I generated a time series data for the above model like this
y=rnorm(1,5,1)
for(i in 1:100)
  y=append(y,tail(y,1)+rnorm(1,1,1))


The above is a plot of the same. Now to test the stationarity of this series I used the adf.test function from the package tseries in R. For the above model a Dickey-Fuller Test (i.e adf test with 0 lag) should be enough (and appropriate too) to test for stationarity. However the output of the following code:
> adf.test(y,k = 0)

    Augmented Dickey-Fuller Test

data:  y
Dickey-Fuller = -3.4732, Lag order = 0, p-value = 0.04793
alternative hypothesis: stationary

Tells that the null hypothesis is rejected at the 5% level and the series is stationary. While from the plot the series is clearly NOT stationary. Can someone explain what's going on?
 A: If run your code many times and check how often you get a pvalue less than 5%:
S <- 10000
rejections <- rep(NA, S)
for (s in 1:S){
  y=rnorm(1,5,1)
  for(i in 1:100){
      y=append(y,tail(y,1)+rnorm(1,1,1))
  }
  reject <- (adf.test(y,k = 0)$p.value <= 0.05)
  rejections[s] <- reject
}
mean(rejections, na.rm=TRUE)

You see that the adf test does its job, it only incorrectly rejects the null of not stationary about 5% of the time. 
The data you posted is obviously non-stationary because it seems to have a linear trend -  but the ADF implemented in adf.test uses a model that allows for a constant and a linear trend term.
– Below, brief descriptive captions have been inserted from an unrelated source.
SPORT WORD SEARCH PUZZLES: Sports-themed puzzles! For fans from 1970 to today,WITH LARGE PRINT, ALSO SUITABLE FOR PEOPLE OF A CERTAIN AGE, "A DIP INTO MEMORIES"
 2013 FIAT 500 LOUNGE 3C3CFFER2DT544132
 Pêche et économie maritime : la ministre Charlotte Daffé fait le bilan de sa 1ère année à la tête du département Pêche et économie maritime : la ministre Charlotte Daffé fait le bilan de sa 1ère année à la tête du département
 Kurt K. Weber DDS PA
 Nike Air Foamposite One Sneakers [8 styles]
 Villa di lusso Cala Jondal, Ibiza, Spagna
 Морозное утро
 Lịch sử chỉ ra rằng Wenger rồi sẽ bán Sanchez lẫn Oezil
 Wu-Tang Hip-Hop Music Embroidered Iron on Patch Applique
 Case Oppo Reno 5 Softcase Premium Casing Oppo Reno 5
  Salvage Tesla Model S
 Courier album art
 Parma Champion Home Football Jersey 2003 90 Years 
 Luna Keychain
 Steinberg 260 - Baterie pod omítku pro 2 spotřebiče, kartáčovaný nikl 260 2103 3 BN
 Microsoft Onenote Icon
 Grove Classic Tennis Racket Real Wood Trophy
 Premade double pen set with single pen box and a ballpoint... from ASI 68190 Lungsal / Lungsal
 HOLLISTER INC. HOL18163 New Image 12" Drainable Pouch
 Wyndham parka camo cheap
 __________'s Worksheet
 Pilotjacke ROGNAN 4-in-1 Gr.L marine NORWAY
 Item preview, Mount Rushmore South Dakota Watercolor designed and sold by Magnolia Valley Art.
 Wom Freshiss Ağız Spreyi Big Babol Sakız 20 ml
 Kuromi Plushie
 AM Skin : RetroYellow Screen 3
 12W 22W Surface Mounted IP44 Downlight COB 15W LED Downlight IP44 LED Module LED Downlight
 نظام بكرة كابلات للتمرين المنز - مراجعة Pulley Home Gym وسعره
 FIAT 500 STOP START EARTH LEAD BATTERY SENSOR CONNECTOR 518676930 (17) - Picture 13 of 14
So if these are taken out, it can happen that the data then looks stationary. 
A: The adf.test() from the TsSeries package runs the test under the assumption that there is a constant AND a trend. After considering those in your data the time series would most likely be stationary. The adf.test() from the aTSA function uses all three DF type tests including the one for no drift no constant, which would most likely result in non-stationary in your case. But I do not know why the adf.test() function is limited to only one case (trend and drift).